Starring Renee Zellweger as the titular star, Judy follows the final years of Hollywood icon Judy Garland as she performs tireless in an effort to regain custody of her children. Set thirty years “The Wizard of Oz,” Garland arrives in London to perform nightly sold-out shows at the Talk of the Town nightclub. While there, she reminisces with friends and fans by night and battles her own personal demons by day.
Directed by Rupert Goold (True Story), Judyis both a loving tribute and unapologetic look at Judy Garland’s journey as a fading star near the end of her life. Visually, the film is simple yet effective. Lighting remains brightest during flashback sequences when her career is at its peak yet become more intimidating in the present, as Garland’s life continues to decline. What’s more, rather than attempt to entertain the audience using quick cuts, Goold often leaves the camera unflinchingly fixated upon the face of his star, allowing Judy to be the story (as opposed to the editing). In doing so, Goold wisely allows Zellweger to take centre stage and she absolutely shines as Garland. In one of the year’s best performances, Zellweger presents the aging star with a complex mix of ferocious self-destruction and tender grace.
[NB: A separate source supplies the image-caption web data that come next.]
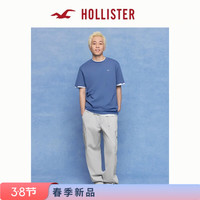 HOLLISTER 小海鸥图案基础款运动短袖T恤26春新款男装324-6088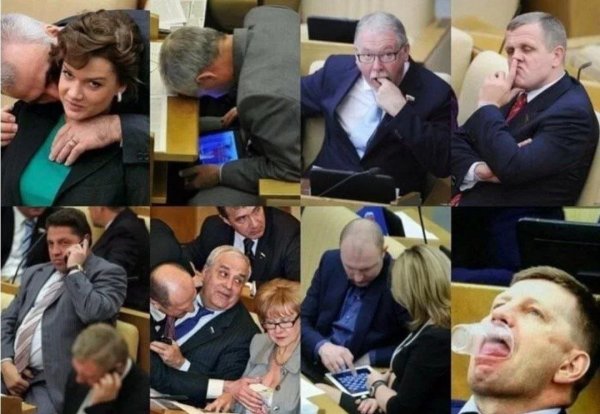 Смешные картинки депутатов госдумы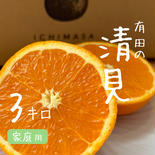 一政園　【清見】3キロ家庭用 3キロ家庭用 果物や野菜などのお取り寄せ宅配食材通販産地直送アウル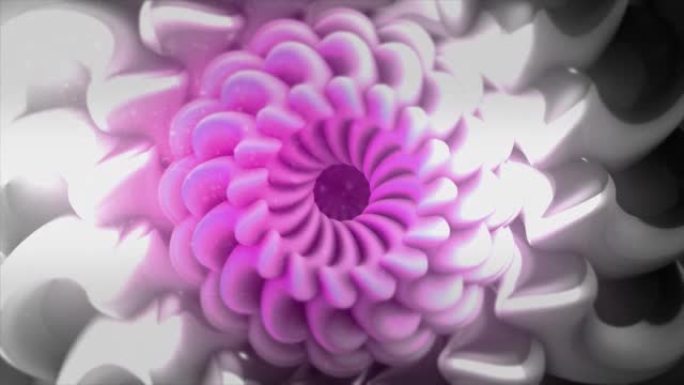 抽象粉红色和银色分形花，花瓣移动。动。美丽催眠渐变花缓慢转化，无缝循环。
During live concerts, Zellweger shows Garland in her element and bursts off the screen with all the energy that one would expect from a Hollywood icon. Yet, when the lights dim, she begins to fold in on herself emotionally, collapsing under the weight of the expectations of others.
Though Judy focuses its lens on Garland’s journey, the film is also a scathing examination of celebrity culture. Although her motivation to perform stems from her desire to regain her children, Garland maintains a love-hate relationship with the spotlight. Known the world over for her singing voice, she has also found that the very act of getting on stage has become increasingly difficult for her. Whereas she has taken on the role of star willingly, she now fully understands the cost of the limelight. Despite the fact that she is beloved and held in reverence by millions, Judy has lost all sense of herself at the hands of the expectations of others. Bright lights bleed off the screen, giving her fame an ominous feel at the hands of the public. (Interestingly, however, while she’s onstage, stage lights resume their former brilliance, suggesting that Garland is still in her glory in front of her fans.)
However, Garland’s regrets aren’t simply due to her own personal malaise or lack of gratitude. By juxtaposing Garland’s teen years in the midst of the Hollywood studio system with her breakdown later in life, Judy reveals the direct impact that abusive leadership can have on childhood psyches. Forced not to eat in order to keep her figure slim and crushed by the expectations of the studio, Garland’s childlike innocence is slowly taken away as she is prevented from experiencing the joys of her youth. As a result, the elder Garland understandably displays an obsession with the approval of others as she grapples with the painful effects of child exploitation.
Whereas the opportunity to play Dorothy Gale once provided her with her own personal yellow brick road to fame, Garland now finds herself spiritually lost somewhere over the rainbow. In other words, having literally gained the whole world, Garland has lost her soul at the hands of those in power and it has left its mark on her. While fans selfishly cry out for her to meet their expectations, Garland struggles to even get out of bed in the morning due to crippling depression. Drowning herself in alcohol and drugs, Garland yearns to have someone drawn to her as a human being, as opposed to her celebrity status. Broken by her past, there’s a piece missing to her soul underneath the glittering lights of fame. Even as her soul aches for closeness, she must always be ready to perform when the curtain calls.
Painting his subject with a sympathetic brush, Goold neither condemns the fading actress nor entirely excuses her behaviour. Instead, Judy recognizes that the soul of the artist is just as valuable as that of others… and just as easily damaged.
Judy opens in theatres on Friday, September 27th, 2019.